Sensations italiennes – sur Un peu de fièvre de Sandro Penna
Il y a des petits livres qui sont de grands livres. Parfois, il suffit de quelques nouvelles rassemblées en recueil. Mais il y faut la grâce. On l’a vu hier avec Robert Walser et son Retour dans la neige. Sandro Penna vient le confirmer avec éclat. Que la simplicité soit un luxe, Un peu de fièvre nous le révèle à nouveau.
Sa réédition par les éditions Ypsilon en fait aussi un magnifique objet ; couverture à rabats rouge, beau papier 100 g, imprimé à Città di Castello dont l’école de canotage eût enchanté Penna, l’été bien sûr mais aussi à la Noël, avec sa crèche suspendue à la jupe du pont et un cortège de garçons qui font glisser leurs canoës illuminés entre des feux de Bengale disposés sur les berges.
Il était né à cinquante kilomètres de là, à Pérouse, en 1906. Il fut essentiellement un poète, assez unique, qui publia des livres de poèmes, le premier en 1939, et ce livre de prose. S’il fut publié en 1973, sur l’insistance ou « sollicitude » de ses amis, il se compose pour l’essentiel de textes écrits autour de 1940, une bonne trentaine de brefs récits qui sont un enchantement. En cent cinquante pages, il nous entraîne à la fois en Italie et dans un monde en voie de disparition qu’il préserve par magie. Et puis, les éditions Ypsilon ont eu l’intelligence de placer en postface l’article de Pasolini paru dans le magazine Tempo pour saluer la parution du livre. J’y reviendrai.
Penna, bien entendu, a pensé la composition de ce livre et, s’il n’a pas retenu l’ordre chronologique, le premier et le dernier texte donnent quand même le la. Dans le premier, « Un jour à la campagne », nous suivons le jeune garçon qui va passer deux jours chez ses cousins à la ferme ; il éprouve un grand bonheur, beaucoup d’émotions, de l’« enthousiasme » et c’est vraiment cet état que Penna revit par l’écriture, mais empreint de nostalgie ; on le voit ainsi courir « comme un fou » dans l’herbe, définie comme « un vert tendre », le vert (la sensation du vert) rythmant tout ce texte où trône l’énigme du cousin Quintilio, simplet et débrouillard ; ces deux journées, qui sont « un jour », passent tellement vite qu’au bout de quatre pages c’est déjà l’heure du retour en car à la ville, au crépuscule « où la plénitude de sa lumière passée semblait ne plus être vraie ».

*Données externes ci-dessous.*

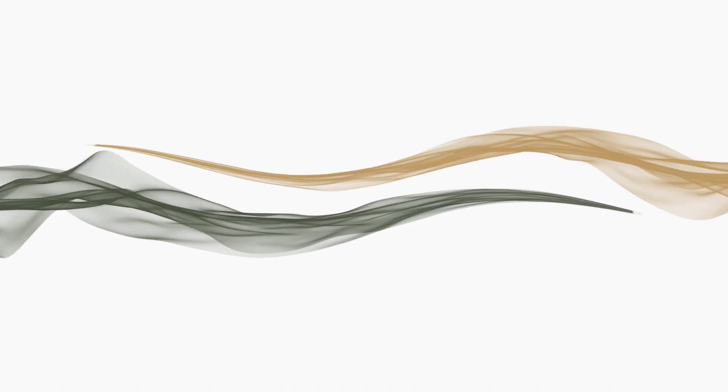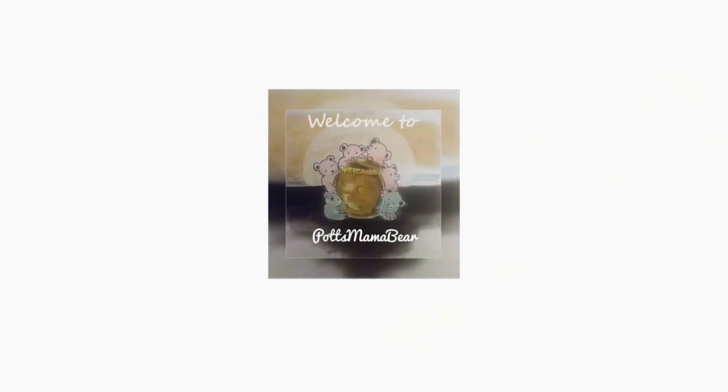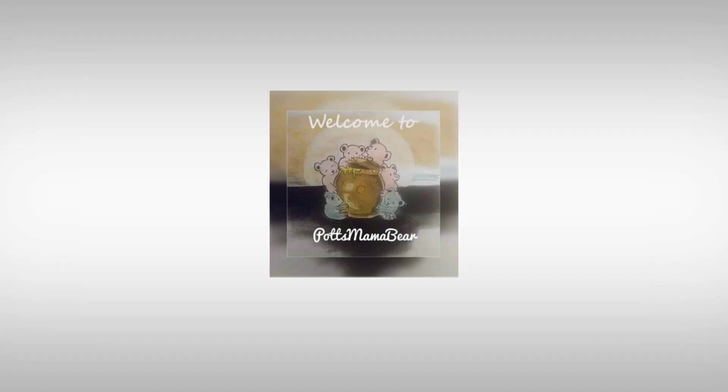And that is it for this video. If you guys want to see any other colors or anything like that, let us know in the comment box below and we'll get those out as soon as possible. We'll see you in our next video. Bye!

Dans le dernier texte, « La mort », nous le suivons au cimetière, essayant de retrouver la tombe de son père, des genêts à la main, sortis tout droit de Leopardi mais sans rien en dire parce qu’il laisse son lecteur les reconnaître, s’il les reconnaît, et peu importe somme toute ; la tombe, il finit par la trouver, et les genêts il les dépose mais il demande à son père « la permission » d’en prélever quelques-uns pour les porter sur la tombe d’un garçon de quinze ans mort noyé ; puis il finit la soirée au cinéma, seul, un peu perdu.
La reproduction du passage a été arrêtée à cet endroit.